Starting with the line that contains "AISENS LECTOR DNI" and stopping after the line that contains "2 || V4NEWS LIVE", copy the entries below exactly. Include nothing else.

Extracted records:
==================================================
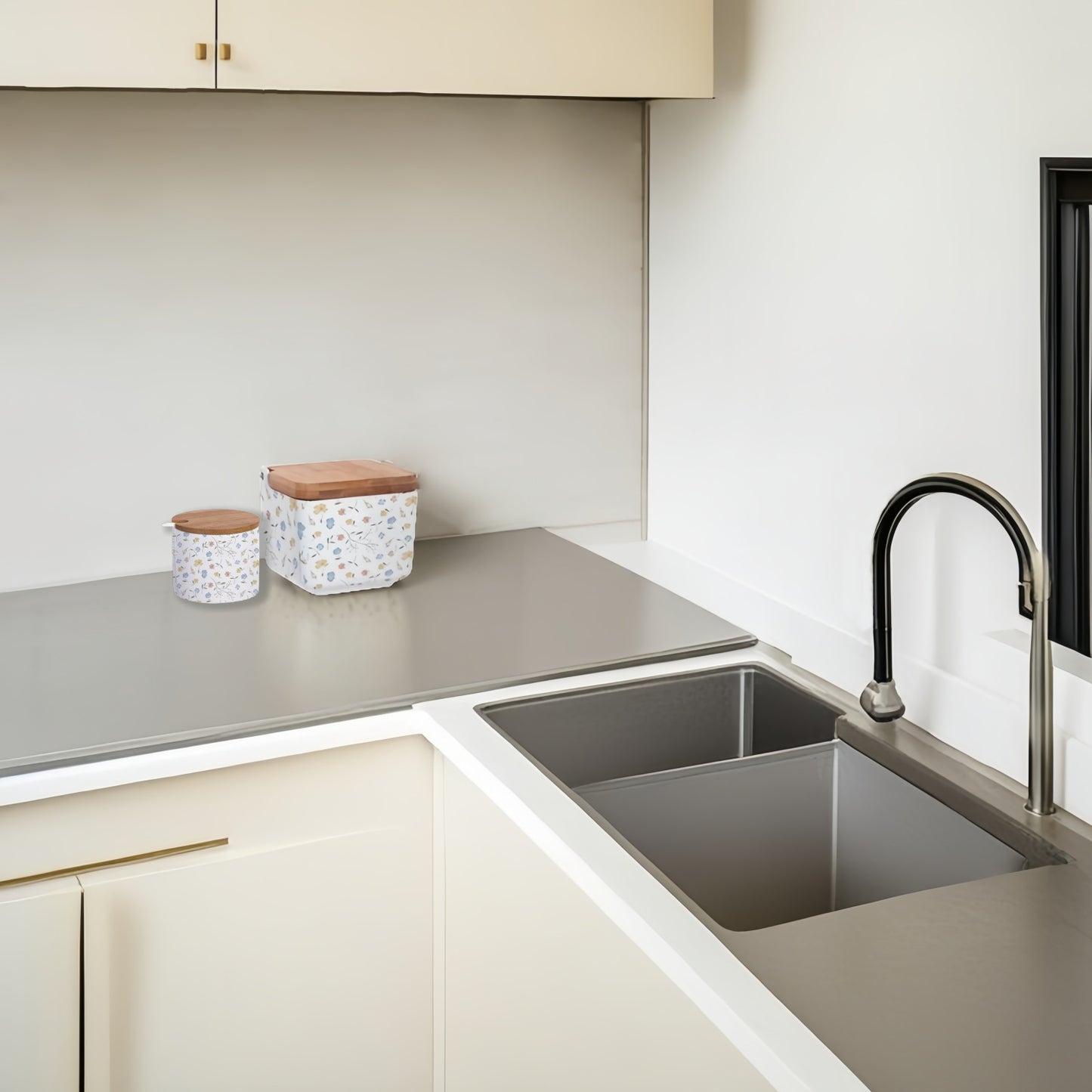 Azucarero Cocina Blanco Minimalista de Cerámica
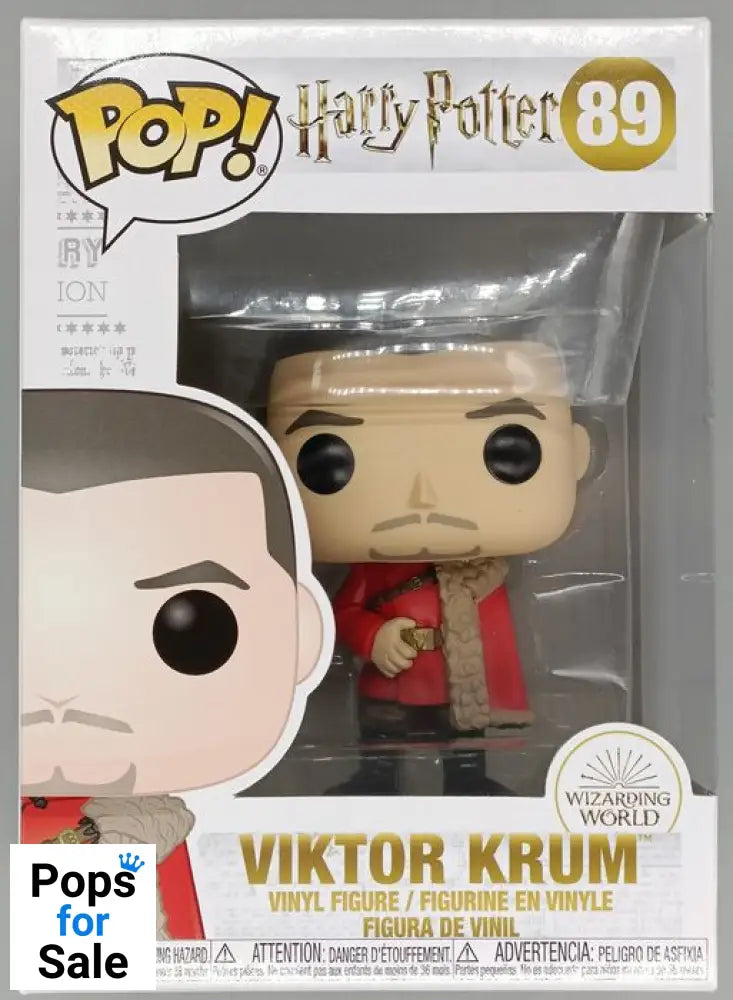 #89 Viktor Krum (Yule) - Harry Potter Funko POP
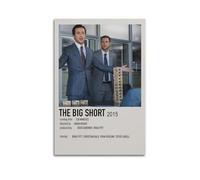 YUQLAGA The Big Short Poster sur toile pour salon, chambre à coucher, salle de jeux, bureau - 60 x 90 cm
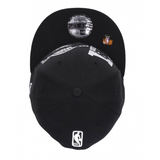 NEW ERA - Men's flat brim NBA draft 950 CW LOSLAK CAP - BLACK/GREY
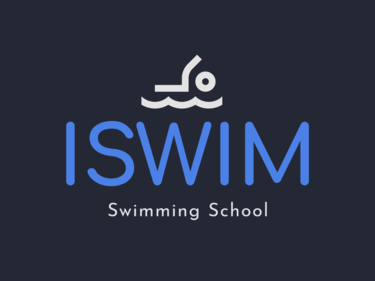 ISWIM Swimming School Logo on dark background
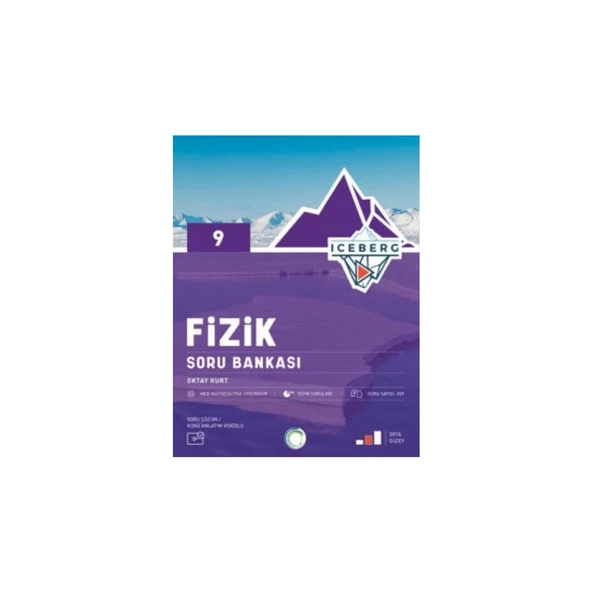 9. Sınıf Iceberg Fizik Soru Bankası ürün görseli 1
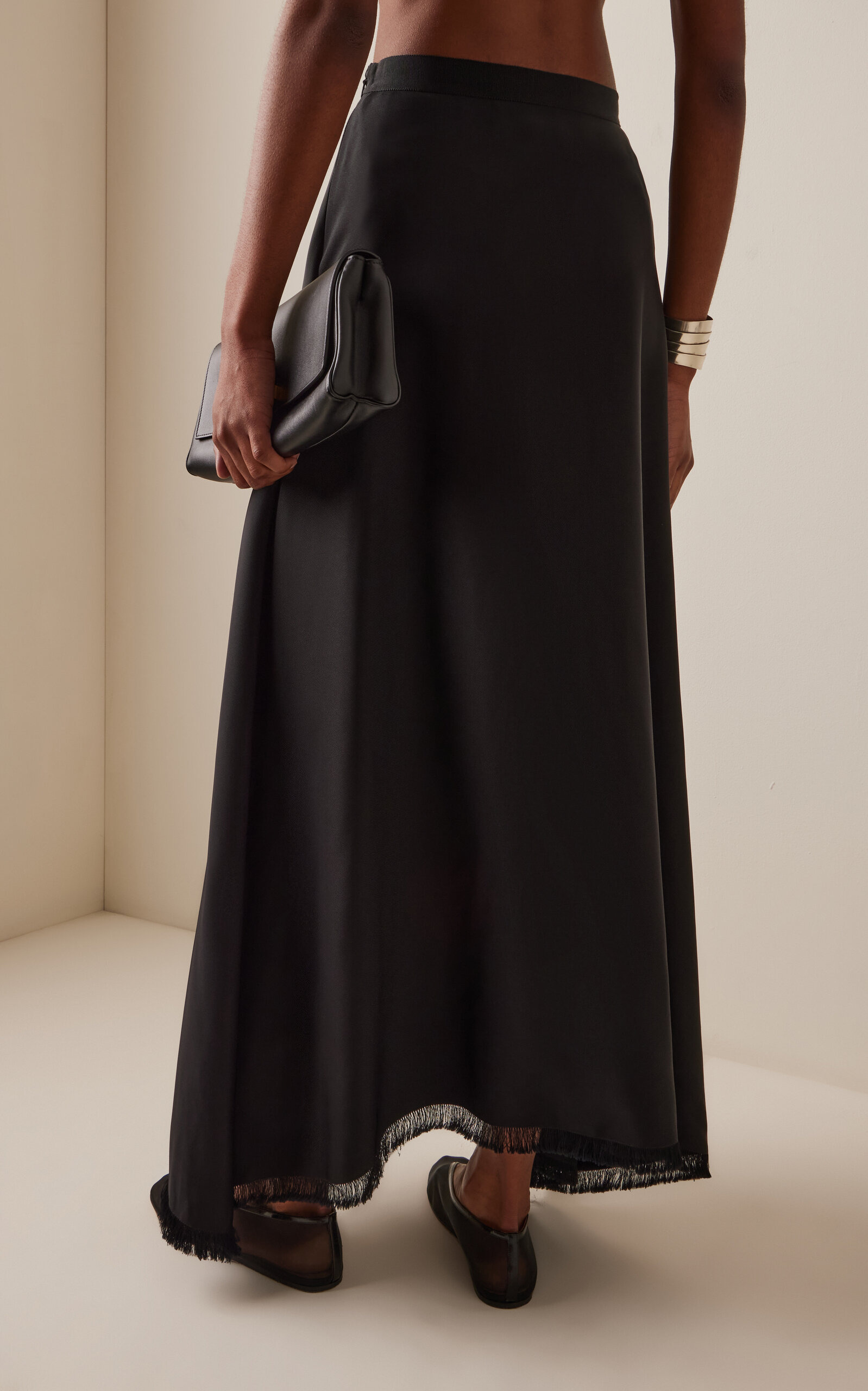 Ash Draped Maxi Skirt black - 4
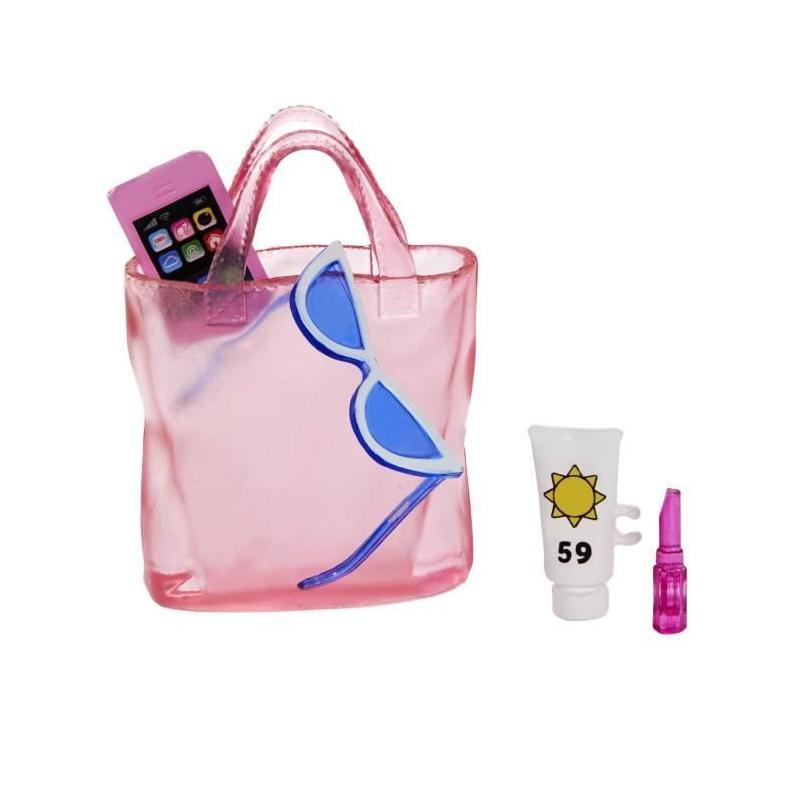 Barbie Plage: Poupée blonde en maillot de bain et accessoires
==================================================
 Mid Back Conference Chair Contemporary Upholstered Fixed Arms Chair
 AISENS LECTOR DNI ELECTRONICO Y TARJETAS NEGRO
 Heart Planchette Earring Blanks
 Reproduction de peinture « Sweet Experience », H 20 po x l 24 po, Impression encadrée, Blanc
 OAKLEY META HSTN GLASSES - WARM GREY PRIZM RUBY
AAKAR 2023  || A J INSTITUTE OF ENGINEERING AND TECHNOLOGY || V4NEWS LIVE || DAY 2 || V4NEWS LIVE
==================================================
▸ Response box
 AISENS LECTOR DNI ELECTRONICO Y TARJETAS NEGRO
 Heart Planchette Earring Blanks
 Reproduction de peinture « Sweet Experience », H 20 po x l 24 po, Impression encadrée, Blanc
 OAKLEY META HSTN GLASSES - WARM GREY PRIZM RUBY
AAKAR 2023  || A J INSTITUTE OF ENGINEERING AND TECHNOLOGY || V4NEWS LIVE || DAY 2 || V4NEWS LIVE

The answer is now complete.